The problem is, Dwayne Johnson has over 130 million followers. Each of his posts is liked millions of times, with hundreds of thousands of comments. Even if, at a conservative estimate, only 10% of Johnson’s followers see a given post, how much can those 13 million people have in common? They’re not all the same age, gender, or demographic. They don’t all live in the same place. Really, the only thing likely to unite them is that they follow Dwayne Johnson on Instagram.

What that means is that Under Armour is spending its marketing budget putting its products in front of a lot of people who have no interest in buying the products they’re seeing. That’s a luxury Under Armour can afford, but probably not one that you can.

By contrast, consider someone like Alexa Silvaggio. She describes herself as a writer, yogi, entrepreneur, and podcast host, and she’s fairly well-known in the yoga world, but she’s not a national celebrity. But her page is focused. She talks about yoga, body positivity, and self-affirmation, and that’s it. Her following, by extension, will be people for whom that message resonates. They’ll have interests, goals, and ideas in common.

Big Instagram Influencers Are Too Expensive

Under Armour has a marketing budget of over $300 million, according to this 2014 article — it’s probably grown since then. That’s an enormous sum of money, and not one that even highly successful mid-size businesses can afford to spend.

The rule of thumb for the price of an Instagram influencer is one cent per follower, or $10 per thousand followers. That’s just a starting point for most marketers — the exact number will be further shaped by engagement, client budget, campaign length, and other partnership specifics — but it means that getting a single post about their brand onto the feed of someone like Dwayne Johnson costs Under Armour the better part of $1 million.

That’s money most companies don’t have to spend on all their marketing combined, let alone on a single Instagram post. And keep in mind that only a small fraction of Dwayne Johnson’s audience is in the market for workout clothing in the first place.

Silvaggio has just shy of 20,000 followers, so a sponsored post on her page would probably cost a company around $200. Not only is that more affordable, but it’s a much more targeted audience and therefore a better return on your marketing money. If you can find a hundred yoga influencers with a similar reach and audience as Silvaggio, you’ll spend a fraction of the budget and make just as many meaningful impressions as you would with one big post.

Big Instagram Followers Aren’t Engaged

Dwayne Johnson posts on Instagram at least twice a day, and might get as many as 10,000 comments on a post. Kim Kardashian gets millions of comments on every post. They can’t possibly respond to every comment, so they simply don’t.

Smaller influencers, on the other hand, respond to at least a few comments on every post. Not only does that engagement make their followers feel heard and noticed, both of which are good for the reputation of the account, but it helps the influencer’s account gain visibility among their followers’ crowded news feeds. Instagram’s algorithm values engagement, whether it’s responding to comments or DMs, and smaller influencers are simply more able to engage than their giant counterparts.
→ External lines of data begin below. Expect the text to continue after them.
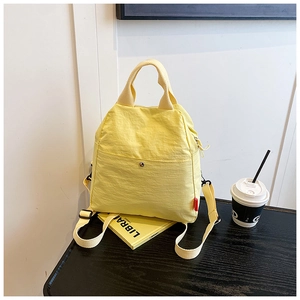 Detailed macro view of yellow multi-functional canvas sling bag on a dark wooden table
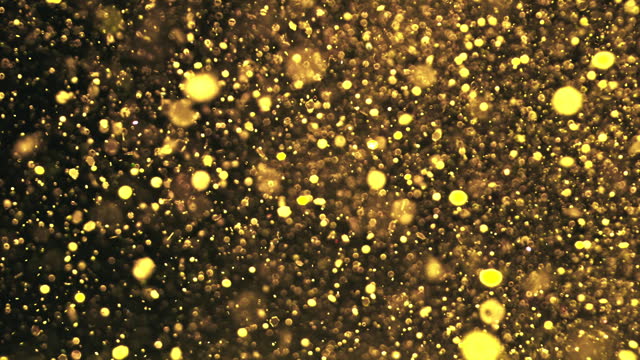 SLO MO LD Golden glitter flying in the air
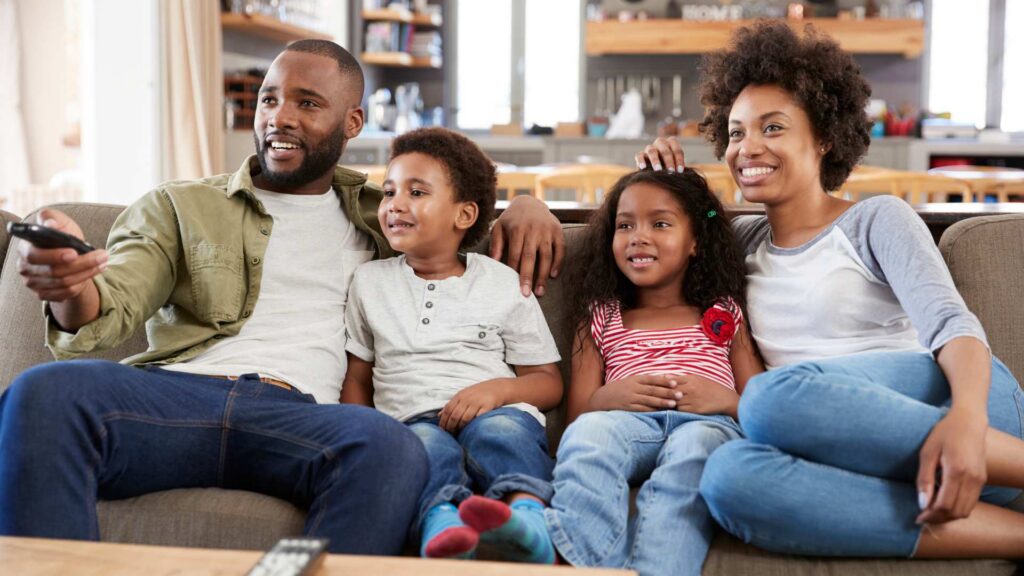 A family watching TV together, showing how autism representation in media can shape everyday conversations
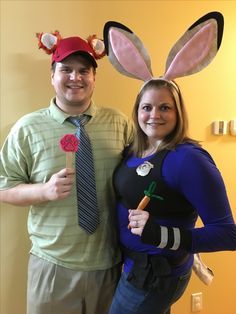 a man and woman are dressed up as bunny ears for an easter costume party with carrots on their heads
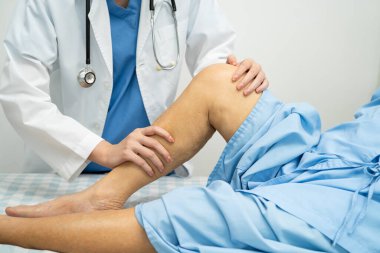 Doktor, hastanede dizinde yara izi olan Asyalı yaşlı kadın hastayı kontrol ediyor..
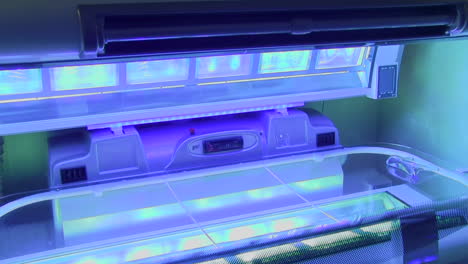 Indoor-tanning-sunbed-pull-back-shot-with-bright-blue-UV-lights-switched-on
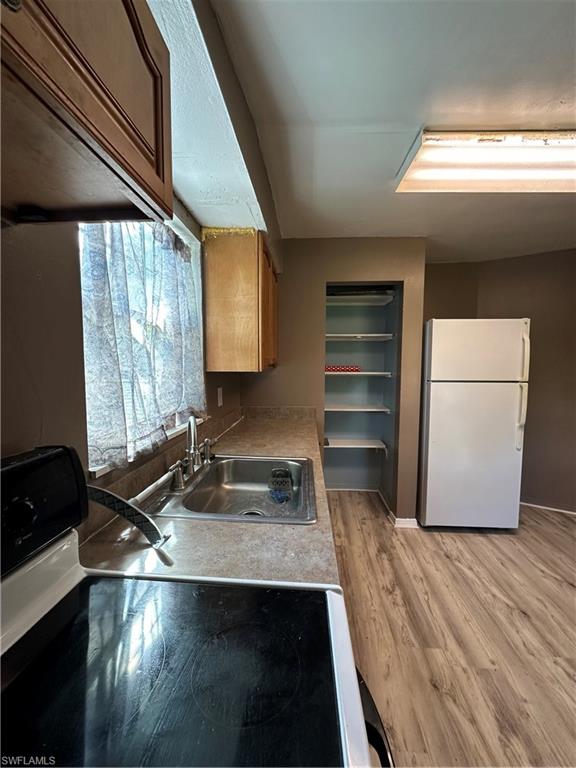 18301 Slater Road North Fort Myers, FL 33917 - Photo 4 of 17 a kitchen with a refrigerator and a stove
An Engaged, Focused Audience For Less

In the end, your goal with Instagram influencer marketing is simple. You want your product in the hands of people who embody your brand. You want those people to have a loyal following of trusting, like-minded people. And you want that following to be united in the common values that surround you, your brand, and the influencer you work with.

Micro-influencers are the way to do that. They’re not major celebrities, so their followers are more likely to trust that they actually use and like the products they recommend. They’re engaged and authentic, communicating with their followers in a real, relatable way. They’re focused, posting about specific topics that unite their followers around certain interests and ideas. And more importantly, you can afford to work with them — even hundreds of smaller influencers can be brought into your network for less than the cost of a single post on a giant user’s feed. If you’re not using micro-influencers in your social media strategy, you should be.